Hay que entender estas dudas. Después de todo, la situación descrita en el párrafo inicial era parte de la vida diaria --hasta que empezaron a cambiar las cosas a raíz de la firma del Tratado Torrijos-Carter de 1977 y su entrada en vigor al año siguiente-- ``solamente'' para cerca de la mitad de los panameños, que viven a ambos lados del canal. Sin embargo, para el otro 50 por ciento, imagino que no dejaba de ser anécdota y realidad transitoria cuando visitaban las ciudades de Panamá o Colón. No dejo de preguntarme si para esos hermanos la cosa era tan seria como para nosotros o si es que ya habíamos perdido el humor y la tolerancia desde antes de nacer.

Peor aún: más de la mitad de los habitantes del país tiene menos de 25 años, y ese régimen semicolonial comenzó a cambiar antes de su toma de conciencia. La gente parece más pragmática que sentimental. Por ejemplo, la celebración del 9 de enero, en memoria de la masacre de 21 estudiantes en 1964 por parte de soldados y policías estadunidenses, ha caído en un vergonzoso olvido por las mayorías, en contra de los sentimientos que incitaban hace unas décadas.

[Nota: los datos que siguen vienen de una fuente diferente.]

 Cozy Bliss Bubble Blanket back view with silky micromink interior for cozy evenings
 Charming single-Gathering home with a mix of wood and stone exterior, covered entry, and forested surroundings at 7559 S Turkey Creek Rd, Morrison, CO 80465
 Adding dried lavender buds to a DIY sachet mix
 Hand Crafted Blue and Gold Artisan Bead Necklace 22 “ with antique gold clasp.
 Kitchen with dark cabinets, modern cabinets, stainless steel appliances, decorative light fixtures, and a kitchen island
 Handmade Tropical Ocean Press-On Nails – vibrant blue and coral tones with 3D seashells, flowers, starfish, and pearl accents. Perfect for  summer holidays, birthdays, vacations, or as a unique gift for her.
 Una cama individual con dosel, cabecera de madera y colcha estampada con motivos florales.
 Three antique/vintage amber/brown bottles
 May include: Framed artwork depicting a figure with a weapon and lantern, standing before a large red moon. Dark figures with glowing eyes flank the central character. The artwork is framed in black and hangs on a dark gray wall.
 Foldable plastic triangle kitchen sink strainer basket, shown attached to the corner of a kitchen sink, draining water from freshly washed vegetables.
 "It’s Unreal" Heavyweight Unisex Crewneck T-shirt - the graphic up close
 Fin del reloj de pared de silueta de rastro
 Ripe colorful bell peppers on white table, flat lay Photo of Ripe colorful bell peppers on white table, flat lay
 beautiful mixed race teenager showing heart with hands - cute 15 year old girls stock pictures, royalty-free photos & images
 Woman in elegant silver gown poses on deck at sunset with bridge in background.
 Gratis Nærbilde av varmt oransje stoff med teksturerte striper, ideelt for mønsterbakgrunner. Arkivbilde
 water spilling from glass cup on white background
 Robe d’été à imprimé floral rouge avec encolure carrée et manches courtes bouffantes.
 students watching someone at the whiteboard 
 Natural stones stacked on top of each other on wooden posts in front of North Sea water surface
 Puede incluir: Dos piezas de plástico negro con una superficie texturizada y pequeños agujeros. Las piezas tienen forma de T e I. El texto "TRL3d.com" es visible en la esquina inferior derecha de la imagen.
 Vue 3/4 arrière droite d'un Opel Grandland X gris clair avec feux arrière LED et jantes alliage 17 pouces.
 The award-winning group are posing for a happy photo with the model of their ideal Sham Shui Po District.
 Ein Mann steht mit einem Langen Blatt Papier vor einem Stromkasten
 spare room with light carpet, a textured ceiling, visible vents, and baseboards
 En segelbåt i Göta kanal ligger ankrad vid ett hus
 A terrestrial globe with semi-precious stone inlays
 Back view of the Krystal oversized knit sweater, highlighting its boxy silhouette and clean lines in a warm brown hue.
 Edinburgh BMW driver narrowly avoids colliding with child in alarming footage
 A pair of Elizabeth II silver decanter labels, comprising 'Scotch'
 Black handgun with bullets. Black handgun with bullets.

No cabe duda que la memoria colectiva, en una nación joven en tradición, es corta a veces.

Nueva realidad

La constatación de estas realidades hace aún más excepcional el hecho de que se haya firmado un tratado en sustitución al original documento de regalo que se engendró en noviembre de 1903. A mi entender, toda la energía y el momentum de décadas de lucha soberana de aquellos panameños que sí vivieron décadas de humillación, fue capitalizada por una figura de excepción: Omar Torrijos.

Se le puede calificar como se desee, en referencia al origen de su mandato, su estilo o sus dudosos métodos de gobernar. Lo cierto es que fue toda una confluencia de circunstancias históricas y generacionales, intereses de grupo y entorno regional que lo llevaron a la posición de poder resolver este conflicto fundamental, negociando con el único presidente de Estados Unidos en este siglo tan valiente o inconsciente como para darle la libertad a Panamá, James Carter. Nos guste o no, el acuerdo firmado condiciona la realidad del país. Eso es algo con lo que tendremos que vivir de ahora en adelante, a menos que alguno de los malos gobernantes, en lo que somos prolíficos, trate de cambiarlo por la mala.

Se firman los tratados, empieza a cambiar la realidad en la Zona del Canal y da la impresión de que, poco a poco, empieza a salir esa situación de la lista de prioridades mentales del panameño medio. Después de todo, el año 2000 estaba muy lejos y teníamos más que suficiente en qué pensar con todo lo que pasó en esos años: el avionazo de Torrijos a mediados de 1981 y su consiguiente vacío de poder, gobiernos impuestos por militares sin visión ni vergüenza, conflictos sociales y la invasión estadunidense de diciembre de 1989.

Ahora, nos alcanzó el futuro. Seguimos dudando pero no queda más remedio que hacerle frente, con el reto de creer en nosotros mismos, encontrando referencias comunes para todos y creando un sentido de misión. El miedo no desaparece, pero eso es normal: la clave es aprender a manejarlo, como diría cualquier buen padre de familia. Queda en las generaciones que vivimos la afrenta, el transmitir el sentimiento de orgullo total que nos va a acompañar el 31 de diciembre de este año, a las 12 del día, cuando por fin seamos libres para debatirnos con nuestro porvenir.